• Study material
::::
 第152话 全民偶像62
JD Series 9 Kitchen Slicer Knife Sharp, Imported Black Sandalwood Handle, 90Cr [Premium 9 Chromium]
::::
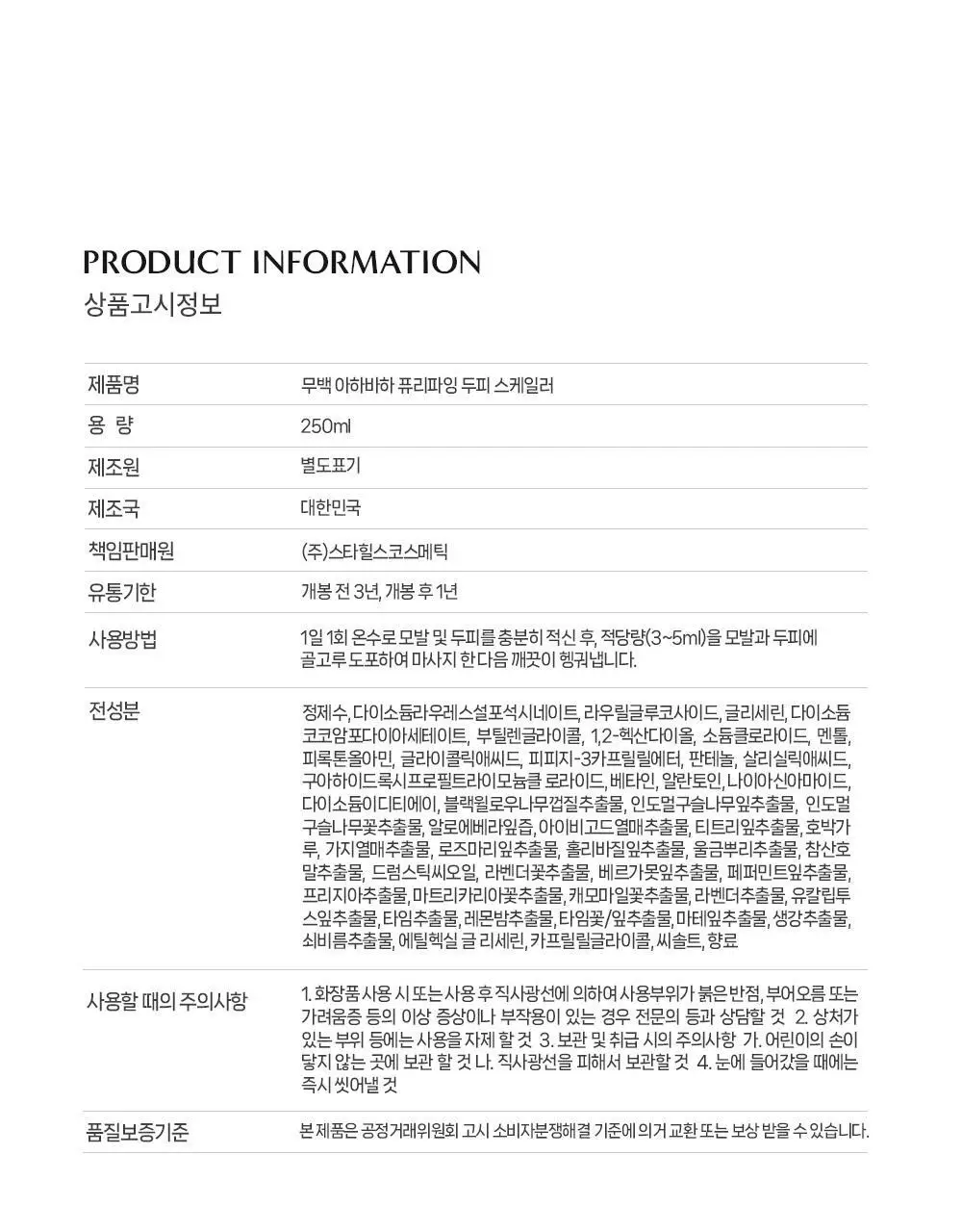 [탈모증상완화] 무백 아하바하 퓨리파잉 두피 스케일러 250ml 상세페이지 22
::::
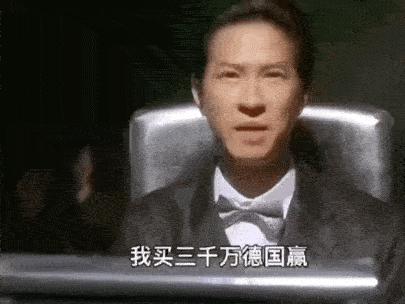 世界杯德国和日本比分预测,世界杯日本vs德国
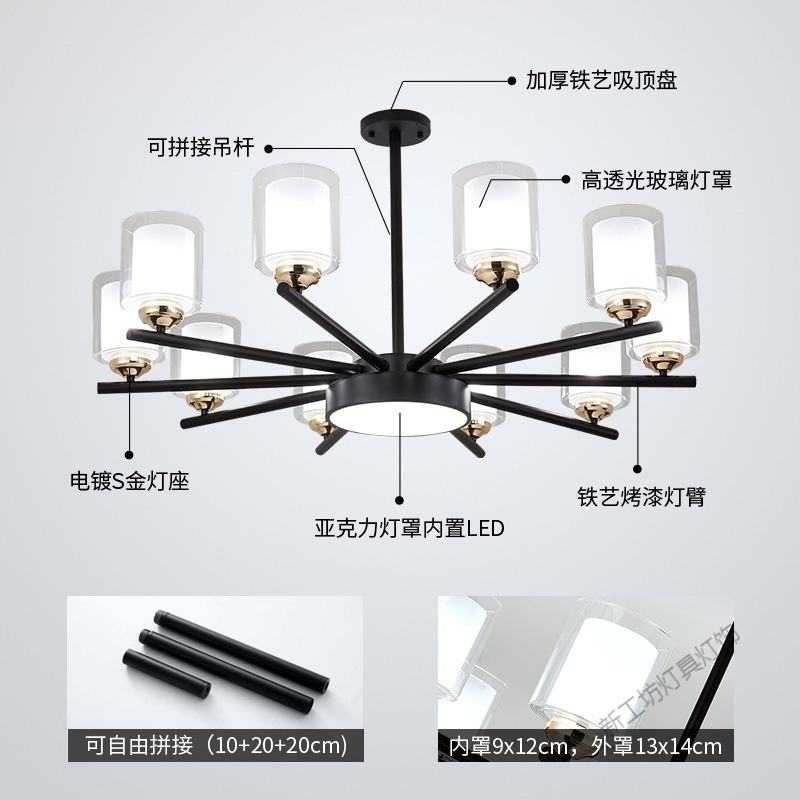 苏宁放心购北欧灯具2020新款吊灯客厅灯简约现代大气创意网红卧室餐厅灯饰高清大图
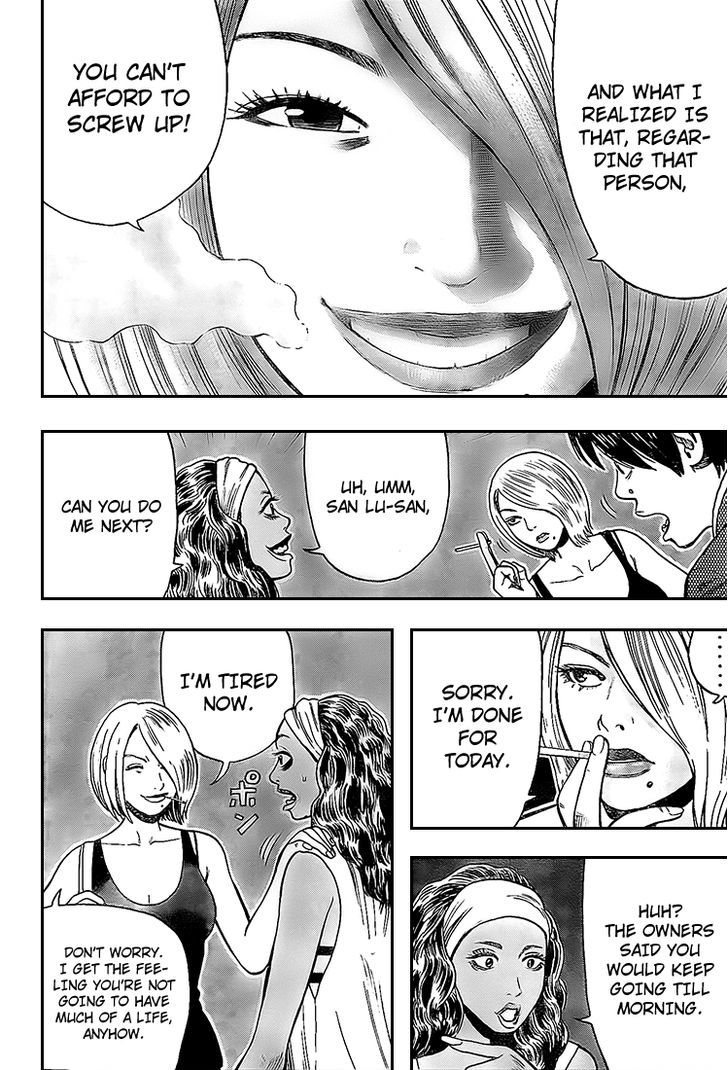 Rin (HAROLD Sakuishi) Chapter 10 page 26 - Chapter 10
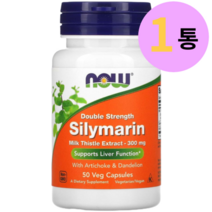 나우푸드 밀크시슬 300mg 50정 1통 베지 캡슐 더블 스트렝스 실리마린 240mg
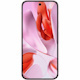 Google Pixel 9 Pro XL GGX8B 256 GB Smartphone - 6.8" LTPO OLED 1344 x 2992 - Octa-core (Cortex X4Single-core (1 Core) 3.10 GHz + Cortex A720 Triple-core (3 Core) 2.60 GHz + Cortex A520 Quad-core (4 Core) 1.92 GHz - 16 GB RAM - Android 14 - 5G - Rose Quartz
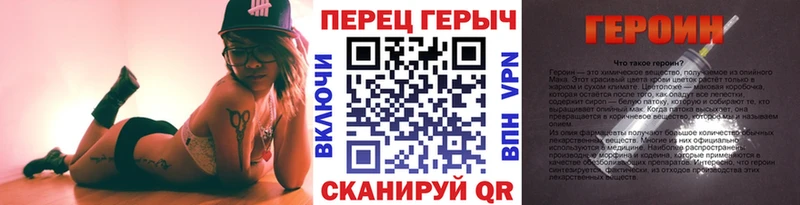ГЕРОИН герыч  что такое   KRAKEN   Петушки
::::
• Problem
Reproduce exactly, and only, the part of the listing above that begins at the line with "第152话 全民偶像62" and goes on through the line with "JD Series 9".

• Output of the exercise
 第152话 全民偶像62
JD Series 9 Kitchen Slicer Knife Sharp, Imported Black Sandalwood Handle, 90Cr [Premium 9 Chromium]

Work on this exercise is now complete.